**Exercise instructions:** Each line from the one containing "Caseflex Huawei Mate" through the end of the data must be retyped exactly, and no other line.

-------- Given data

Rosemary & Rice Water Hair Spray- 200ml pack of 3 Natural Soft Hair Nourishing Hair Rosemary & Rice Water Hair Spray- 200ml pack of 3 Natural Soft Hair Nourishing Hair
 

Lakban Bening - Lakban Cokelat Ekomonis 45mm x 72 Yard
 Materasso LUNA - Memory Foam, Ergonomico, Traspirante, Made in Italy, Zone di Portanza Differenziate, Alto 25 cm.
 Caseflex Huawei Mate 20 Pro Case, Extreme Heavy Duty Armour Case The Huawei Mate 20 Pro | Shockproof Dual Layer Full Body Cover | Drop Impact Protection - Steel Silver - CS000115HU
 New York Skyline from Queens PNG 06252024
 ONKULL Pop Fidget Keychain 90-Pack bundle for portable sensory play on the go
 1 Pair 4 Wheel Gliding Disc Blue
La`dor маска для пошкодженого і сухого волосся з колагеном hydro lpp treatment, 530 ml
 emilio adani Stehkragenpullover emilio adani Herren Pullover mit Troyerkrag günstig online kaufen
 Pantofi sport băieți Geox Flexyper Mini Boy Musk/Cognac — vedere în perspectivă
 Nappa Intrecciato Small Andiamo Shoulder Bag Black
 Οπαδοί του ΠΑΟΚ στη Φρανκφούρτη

----------------

**The answer:**
 Caseflex Huawei Mate 20 Pro Case, Extreme Heavy Duty Armour Case The Huawei Mate 20 Pro | Shockproof Dual Layer Full Body Cover | Drop Impact Protection - Steel Silver - CS000115HU
 New York Skyline from Queens PNG 06252024
 ONKULL Pop Fidget Keychain 90-Pack bundle for portable sensory play on the go
 1 Pair 4 Wheel Gliding Disc Blue
La`dor маска для пошкодженого і сухого волосся з колагеном hydro lpp treatment, 530 ml
 emilio adani Stehkragenpullover emilio adani Herren Pullover mit Troyerkrag günstig online kaufen
 Pantofi sport băieți Geox Flexyper Mini Boy Musk/Cognac — vedere în perspectivă
 Nappa Intrecciato Small Andiamo Shoulder Bag Black
 Οπαδοί του ΠΑΟΚ στη Φρανκφούρτη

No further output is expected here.